A couple of weekends ago--in between baking ham, slicing sweet potatoes, chopping cranberries and rolling out biscuit dough-- I gave myself the treat of reading Home Front Girl: A Diary of Love, Literature and Growing Up in Wartime America. And a treat it was.

Born in 1922, Joan Wehlen, later Joan Wehlen Morrison, grew up in Chicago as the only child of Swedish immigrants. She had a slightly socialist streak, a healthy interest in boys and clothes, a quick pen, and a sharp mind. Her diaries from 1937 to 1943 are smart, lively, funny, and philosophical by turn. She quotes, paraphrases, and parodies Cicero, Shakespeare, Kipling and others to make her points.

Her picture of adolescent life would be interesting enough in itself: she talks about crushes, clothes, class work, and working on the Chicago Maroon* with a fine eye for detail and a self-deprecating wit. But her description of day-to-day life is deepened by a keen historical awareness.** Thoughtful commentary on the larger events of the day, from the Lindbergh kidnapping to the fall of Pearl Harbor, runs side-by-side with accounts of bridge, boys, and biology class . Perhaps most interesting to me are her repeated discussions of herself and her contemporaries as a generation who always knew their war would come. She describes then as fundamentally shaped by the lean years of the Depression, having "a kind of brittle strength they didn’t have before. A kind of body of muscle and bone and not much else. Strong in a fragile way almost and enduring more than the weightier people in days past."
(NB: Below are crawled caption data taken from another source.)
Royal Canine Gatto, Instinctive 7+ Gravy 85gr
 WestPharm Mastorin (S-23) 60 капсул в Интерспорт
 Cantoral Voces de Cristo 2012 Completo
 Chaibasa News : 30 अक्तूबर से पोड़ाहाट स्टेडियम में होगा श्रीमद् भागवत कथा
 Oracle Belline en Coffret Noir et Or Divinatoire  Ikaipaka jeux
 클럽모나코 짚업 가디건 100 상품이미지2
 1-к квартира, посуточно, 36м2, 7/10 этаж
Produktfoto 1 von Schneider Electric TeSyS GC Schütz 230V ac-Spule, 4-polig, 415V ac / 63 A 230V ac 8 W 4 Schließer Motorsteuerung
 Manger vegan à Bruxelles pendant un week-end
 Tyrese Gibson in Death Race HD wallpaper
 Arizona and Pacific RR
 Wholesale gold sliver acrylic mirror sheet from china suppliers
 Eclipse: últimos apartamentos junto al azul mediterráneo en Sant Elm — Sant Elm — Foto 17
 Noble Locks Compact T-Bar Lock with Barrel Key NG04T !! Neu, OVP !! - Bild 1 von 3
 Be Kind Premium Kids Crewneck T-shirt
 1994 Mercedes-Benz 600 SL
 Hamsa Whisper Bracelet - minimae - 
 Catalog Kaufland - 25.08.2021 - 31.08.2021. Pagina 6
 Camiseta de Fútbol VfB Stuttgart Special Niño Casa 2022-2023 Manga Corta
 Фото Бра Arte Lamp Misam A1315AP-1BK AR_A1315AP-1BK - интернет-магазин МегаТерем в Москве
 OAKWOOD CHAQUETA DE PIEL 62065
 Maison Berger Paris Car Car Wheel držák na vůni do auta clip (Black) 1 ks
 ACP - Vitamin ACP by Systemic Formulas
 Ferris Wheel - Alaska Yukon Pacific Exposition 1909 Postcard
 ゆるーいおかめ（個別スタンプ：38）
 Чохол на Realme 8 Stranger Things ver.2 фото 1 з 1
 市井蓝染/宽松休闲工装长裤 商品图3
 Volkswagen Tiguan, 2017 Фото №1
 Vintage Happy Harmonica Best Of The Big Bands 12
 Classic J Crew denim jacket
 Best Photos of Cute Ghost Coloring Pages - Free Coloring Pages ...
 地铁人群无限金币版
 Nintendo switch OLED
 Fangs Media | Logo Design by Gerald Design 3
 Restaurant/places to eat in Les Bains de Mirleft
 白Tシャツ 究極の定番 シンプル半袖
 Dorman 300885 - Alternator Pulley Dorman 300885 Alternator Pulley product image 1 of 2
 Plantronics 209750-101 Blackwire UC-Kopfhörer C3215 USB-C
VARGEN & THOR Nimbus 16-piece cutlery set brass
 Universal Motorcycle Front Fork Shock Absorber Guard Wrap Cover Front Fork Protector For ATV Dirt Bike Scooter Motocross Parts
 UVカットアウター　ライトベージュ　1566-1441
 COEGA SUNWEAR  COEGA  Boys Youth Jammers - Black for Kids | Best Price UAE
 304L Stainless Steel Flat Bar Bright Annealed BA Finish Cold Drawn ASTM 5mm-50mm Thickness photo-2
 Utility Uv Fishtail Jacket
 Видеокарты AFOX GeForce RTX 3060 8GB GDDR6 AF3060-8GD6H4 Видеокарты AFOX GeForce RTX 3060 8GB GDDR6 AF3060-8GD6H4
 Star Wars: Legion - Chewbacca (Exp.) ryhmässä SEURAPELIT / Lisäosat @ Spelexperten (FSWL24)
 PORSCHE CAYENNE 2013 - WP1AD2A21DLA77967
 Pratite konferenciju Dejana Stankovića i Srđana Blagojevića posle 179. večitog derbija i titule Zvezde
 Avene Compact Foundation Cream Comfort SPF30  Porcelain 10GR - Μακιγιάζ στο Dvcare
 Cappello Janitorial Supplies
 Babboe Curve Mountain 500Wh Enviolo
Comparisons with The Diary of Anne Frank are inevitable--and should be made cautiously. The experiences of the two girls are not parallel. Nonetheless, there is a striking similarity between them in terms of intelligence, curiosity, and sheer vividness .

Edited and annotated with a light hand by Morrison's daughter, Susan Signe Morrison, Home Front Girl, is a delightful read. It's marketed as young adult non-fiction, but will interest a wider audience.  If you grew up loving Anne of Green Gables and Daddy-Long-Legs, or weeping over Anne Frank, give Home Front Girl a try.***

*The University of Chicago's student paper

**She would later work as an adjunct professor of history at the New School for Social Research.

***Any male readers out there who know and loved these books?